- **Activity**:
Find, in the records below, the line that contains "Apple Watch Ultra" and the line that contains "Cap Sleeve Creaseless". Copy those two lines and everything between them exactly, but not the pictures.

==========

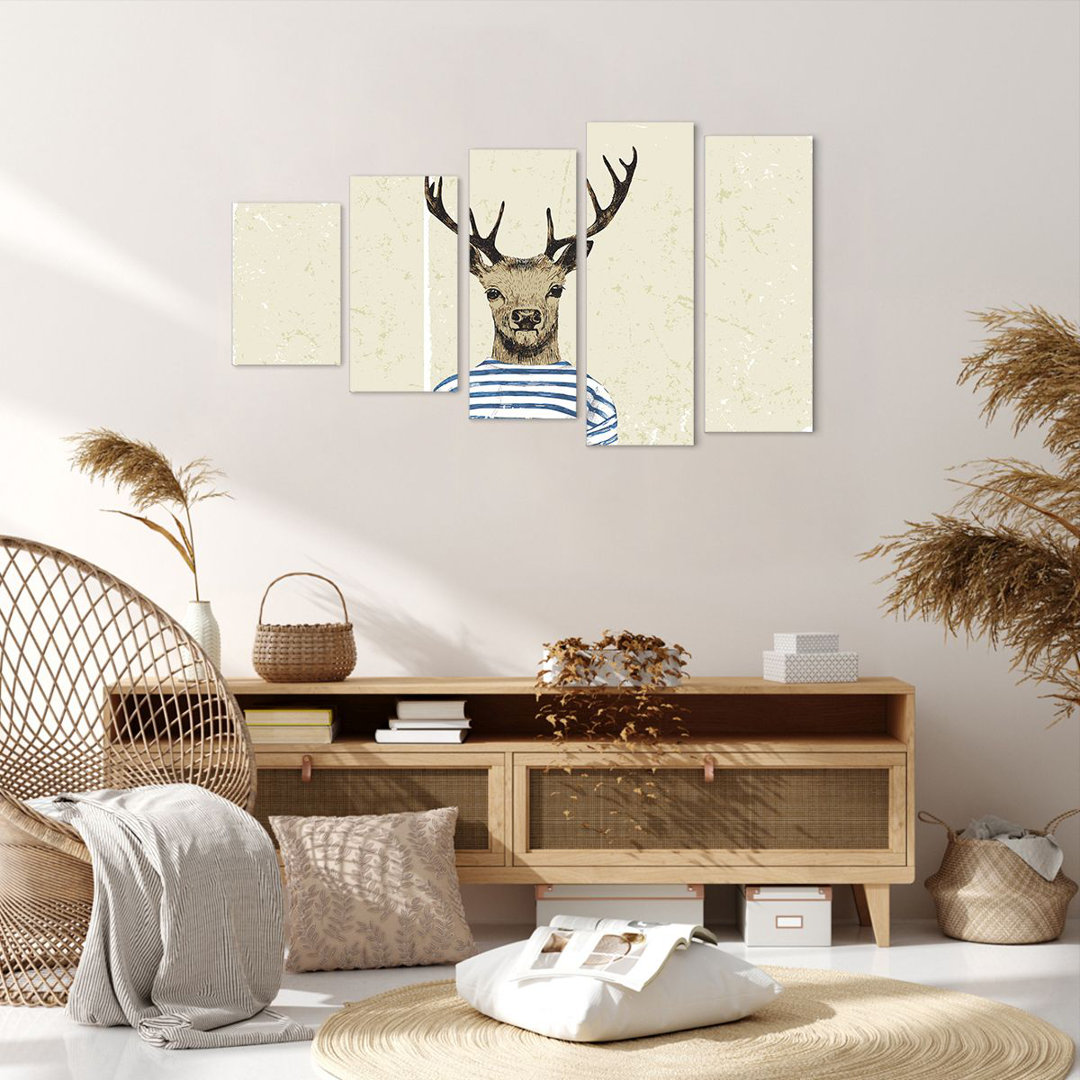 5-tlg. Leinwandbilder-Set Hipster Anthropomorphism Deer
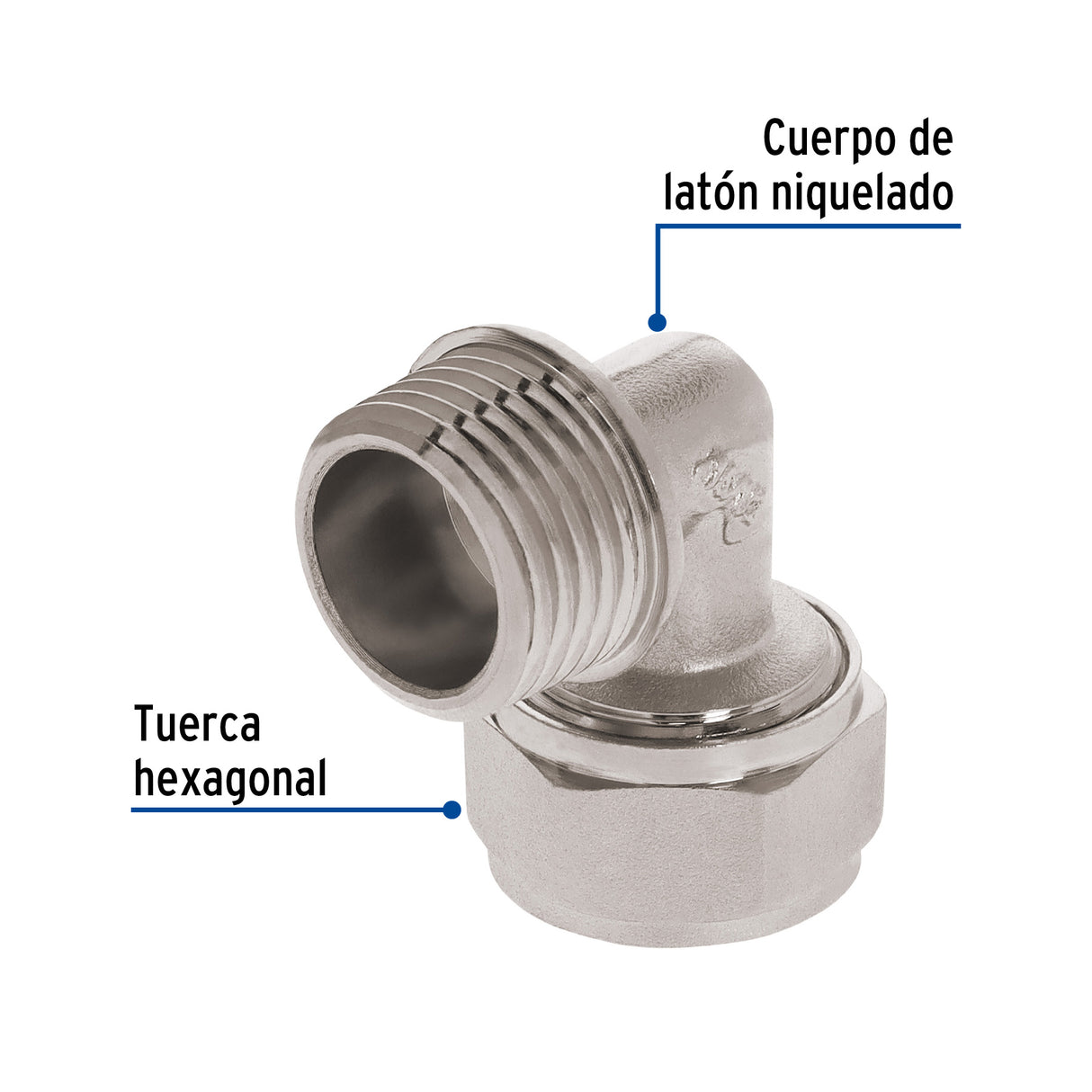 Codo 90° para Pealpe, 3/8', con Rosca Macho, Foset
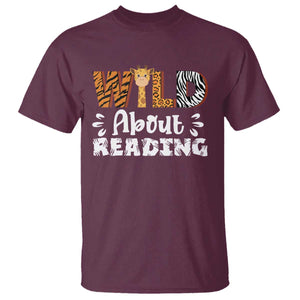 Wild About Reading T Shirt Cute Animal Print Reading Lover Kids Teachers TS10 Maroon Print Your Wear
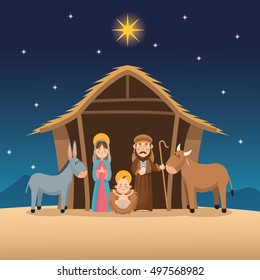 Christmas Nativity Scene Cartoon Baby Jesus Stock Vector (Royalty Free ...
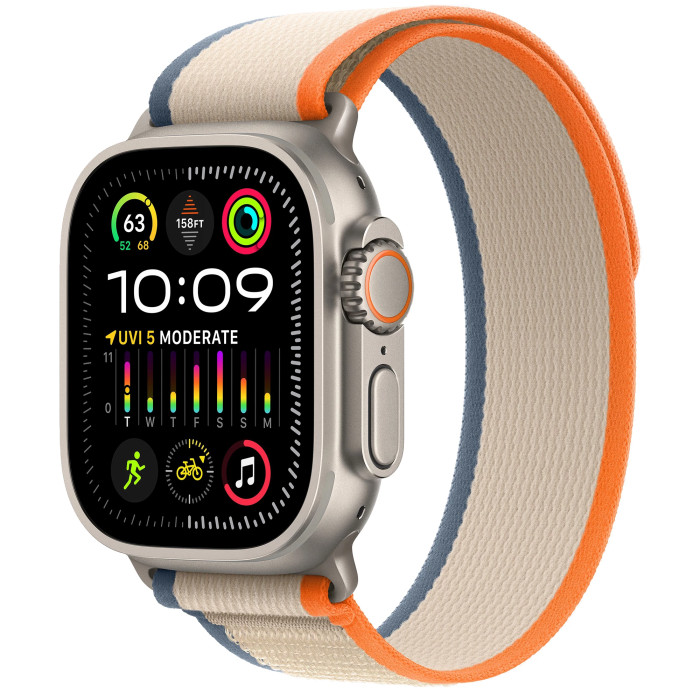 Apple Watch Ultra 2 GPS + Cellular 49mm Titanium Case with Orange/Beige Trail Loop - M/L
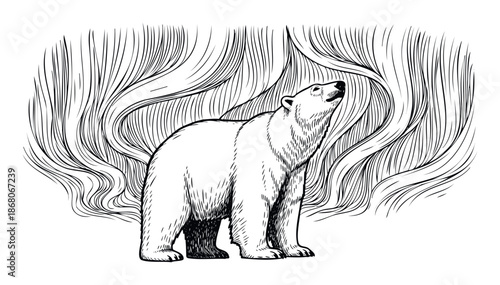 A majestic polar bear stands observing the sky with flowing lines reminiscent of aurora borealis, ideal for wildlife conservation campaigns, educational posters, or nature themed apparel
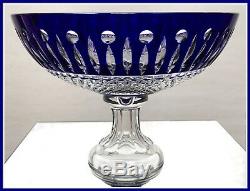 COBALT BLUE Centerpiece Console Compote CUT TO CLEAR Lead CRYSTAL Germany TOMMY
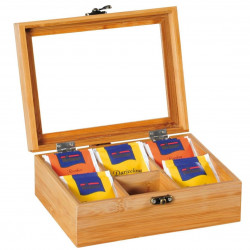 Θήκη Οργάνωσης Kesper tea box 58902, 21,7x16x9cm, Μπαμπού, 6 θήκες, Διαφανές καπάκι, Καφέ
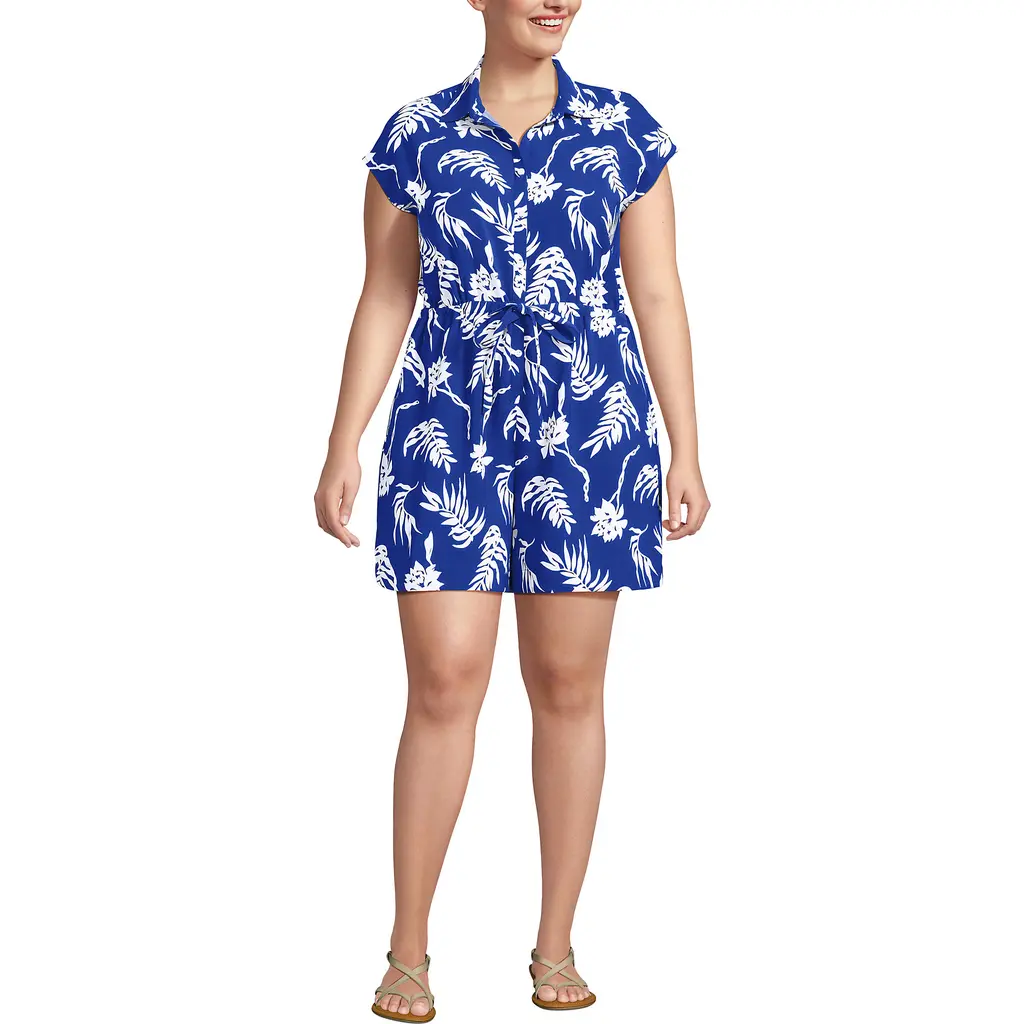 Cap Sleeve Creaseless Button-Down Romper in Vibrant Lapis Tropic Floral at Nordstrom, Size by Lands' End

==========

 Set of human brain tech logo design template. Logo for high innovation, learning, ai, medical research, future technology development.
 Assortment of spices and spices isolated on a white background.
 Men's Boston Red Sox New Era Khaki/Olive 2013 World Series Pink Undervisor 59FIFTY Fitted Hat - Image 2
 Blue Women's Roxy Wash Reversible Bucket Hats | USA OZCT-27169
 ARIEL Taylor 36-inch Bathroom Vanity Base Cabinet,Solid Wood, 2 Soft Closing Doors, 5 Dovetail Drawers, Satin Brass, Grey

==========

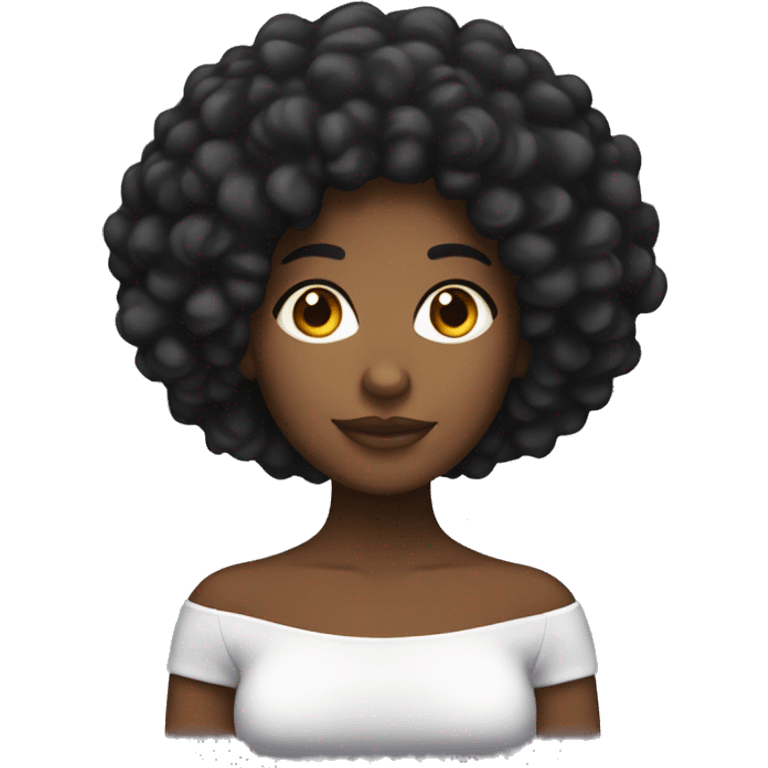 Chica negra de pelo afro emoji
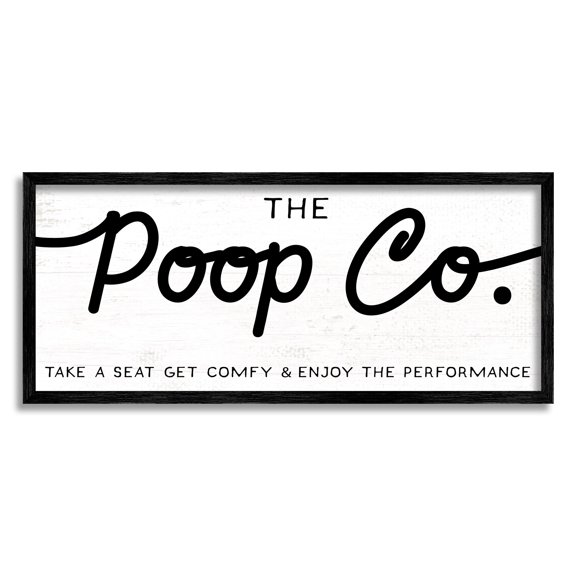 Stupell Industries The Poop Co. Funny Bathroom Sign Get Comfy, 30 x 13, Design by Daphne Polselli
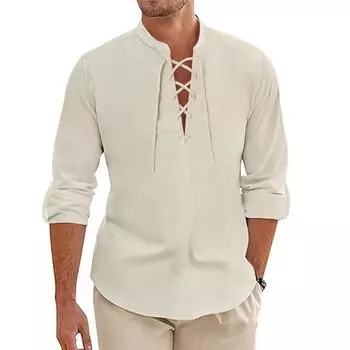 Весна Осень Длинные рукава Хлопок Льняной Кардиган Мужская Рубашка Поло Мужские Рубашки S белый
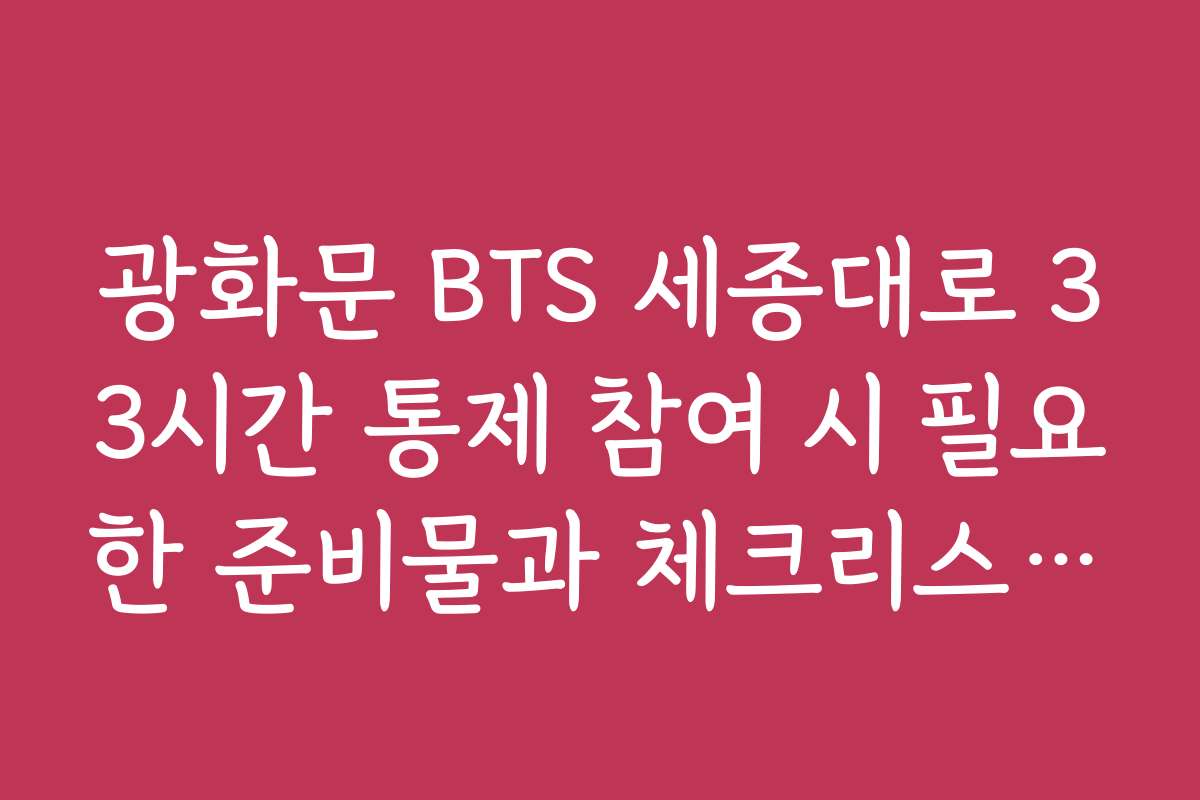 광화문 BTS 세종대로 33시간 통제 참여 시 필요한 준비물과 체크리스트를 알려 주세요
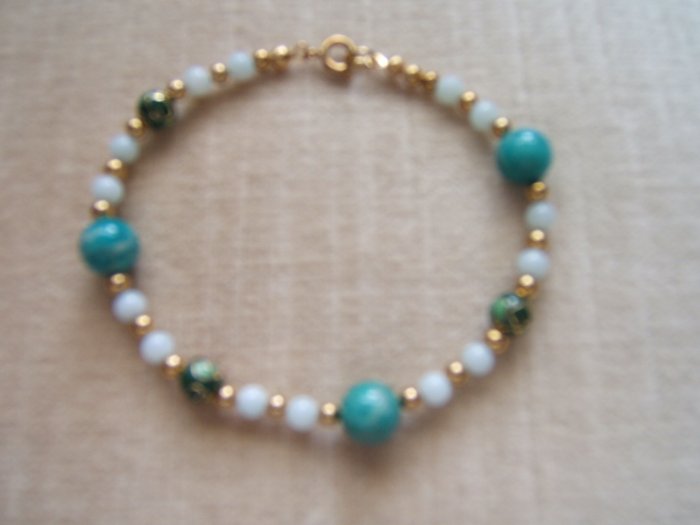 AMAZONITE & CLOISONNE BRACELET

==========

- **Task output**:
 Apple Watch Ultra 2 GPS + Cellular 49mm Titanium Case with Orange/Beige Trail Loop - M/L
 A majestic polar bear stands observing the sky with flowing lines reminiscent of aurora borealis, ideal for wildlife conservation campaigns, educational posters, or nature themed apparel
 COBALT BLUE Centerpiece Console Compote CUT TO CLEAR Lead CRYSTAL Germany TOMMY
 Θήκη Οργάνωσης Kesper tea box 58902, 21,7x16x9cm, Μπαμπού, 6 θήκες, Διαφανές καπάκι, Καφέ
 Cap Sleeve Creaseless Button-Down Romper in Vibrant Lapis Tropic Floral at Nordstrom, Size by Lands' End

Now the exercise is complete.